▸ **Exercise brief**: Would you reproduce every record exactly, leaving out the pictures?

▸ **Extracted records**:
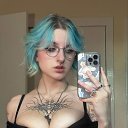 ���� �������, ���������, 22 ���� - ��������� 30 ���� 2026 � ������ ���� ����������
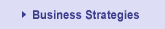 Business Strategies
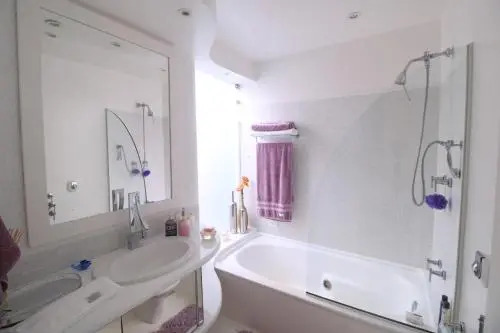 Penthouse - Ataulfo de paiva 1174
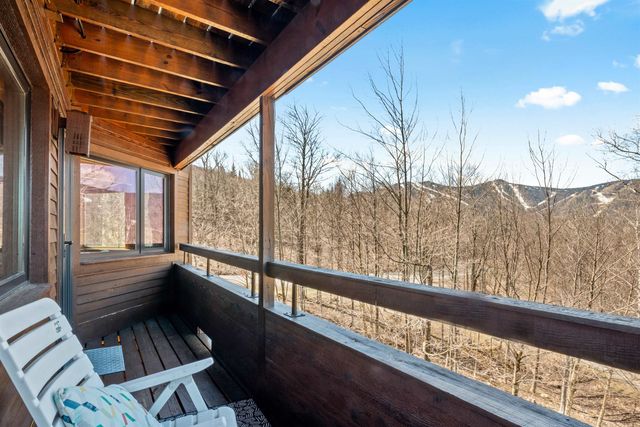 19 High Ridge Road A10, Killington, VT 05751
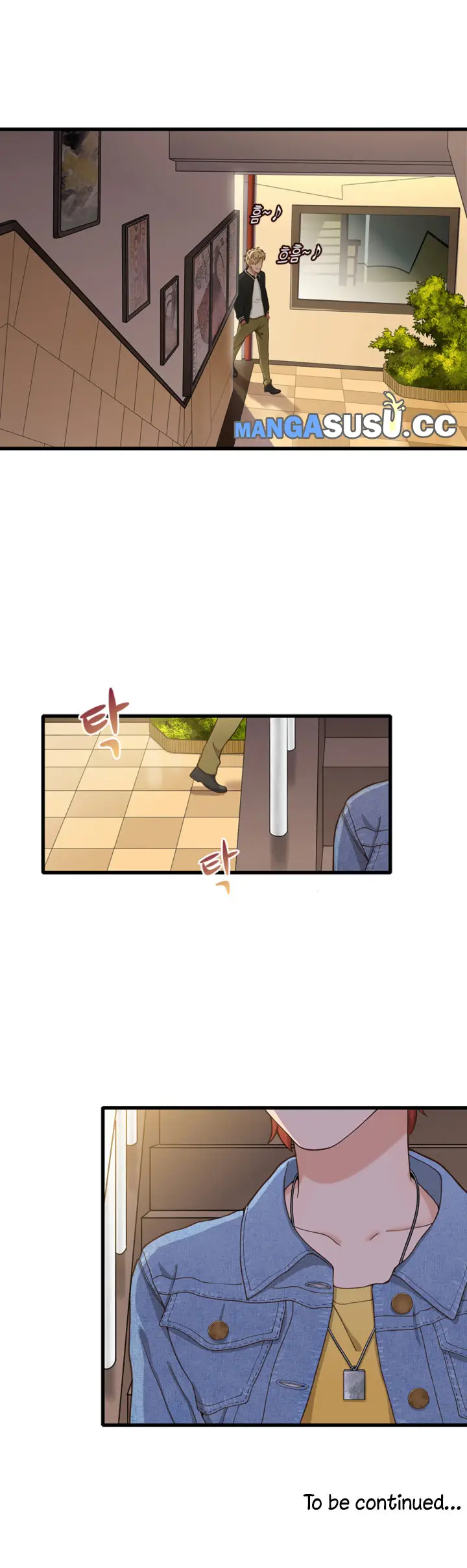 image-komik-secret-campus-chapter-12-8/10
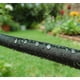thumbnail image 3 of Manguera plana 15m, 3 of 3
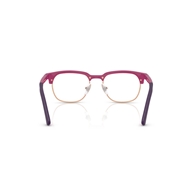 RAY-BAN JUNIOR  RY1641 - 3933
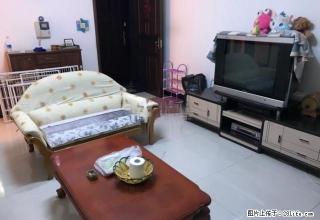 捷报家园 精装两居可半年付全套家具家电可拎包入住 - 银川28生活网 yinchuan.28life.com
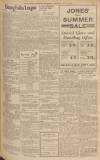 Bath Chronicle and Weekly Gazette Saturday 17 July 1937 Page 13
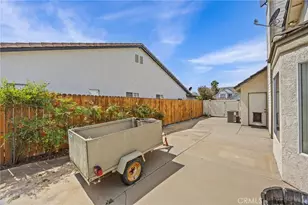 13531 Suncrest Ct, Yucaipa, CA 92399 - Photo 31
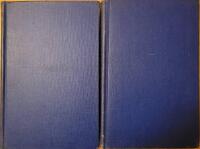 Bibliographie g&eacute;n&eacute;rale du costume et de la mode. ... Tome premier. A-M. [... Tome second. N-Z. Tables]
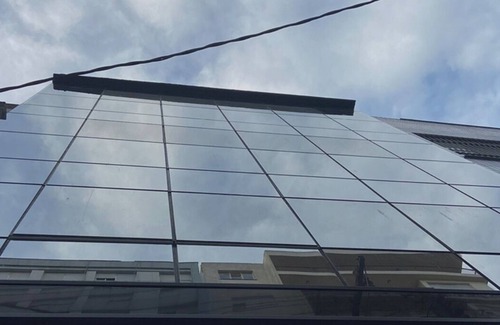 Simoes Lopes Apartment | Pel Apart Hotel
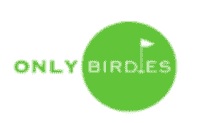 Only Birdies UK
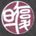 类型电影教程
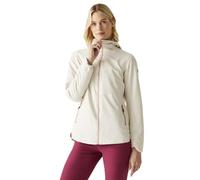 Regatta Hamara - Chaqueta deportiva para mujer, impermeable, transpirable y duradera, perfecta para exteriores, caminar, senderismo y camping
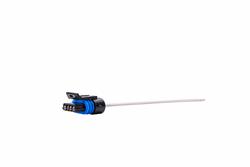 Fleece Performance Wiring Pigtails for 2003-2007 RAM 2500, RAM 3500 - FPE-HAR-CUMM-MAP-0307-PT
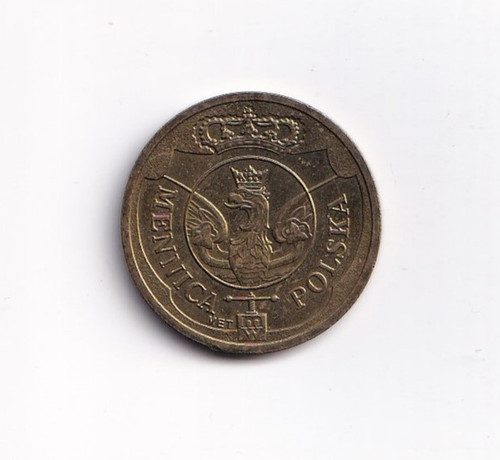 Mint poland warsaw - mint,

▸ **Solution to this task**:
 ���� �������, ���������, 22 ���� - ��������� 30 ���� 2026 � ������ ���� ����������
 Business Strategies
 Penthouse - Ataulfo de paiva 1174
 19 High Ridge Road A10, Killington, VT 05751
 image-komik-secret-campus-chapter-12-8/10
thumbnail image 3 of Manguera plana 15m, 3 of 3
 RAY-BAN JUNIOR  RY1641 - 3933
 捷报家园 精装两居可半年付全套家具家电可拎包入住 - 银川28生活网 yinchuan.28life.com
 Bath Chronicle and Weekly Gazette Saturday 17 July 1937 Page 13
 13531 Suncrest Ct, Yucaipa, CA 92399 - Photo 31
 Bibliographie g&eacute;n&eacute;rale du costume et de la mode. ... Tome premier. A-M. [... Tome second. N-Z. Tables]
 Simoes Lopes Apartment | Pel Apart Hotel
 Only Birdies UK
 类型电影教程
 Regatta Hamara - Chaqueta deportiva para mujer, impermeable, transpirable y duradera, perfecta para exteriores, caminar, senderismo y camping
 Fleece Performance Wiring Pigtails for 2003-2007 RAM 2500, RAM 3500 - FPE-HAR-CUMM-MAP-0307-PT
 Mint poland warsaw - mint,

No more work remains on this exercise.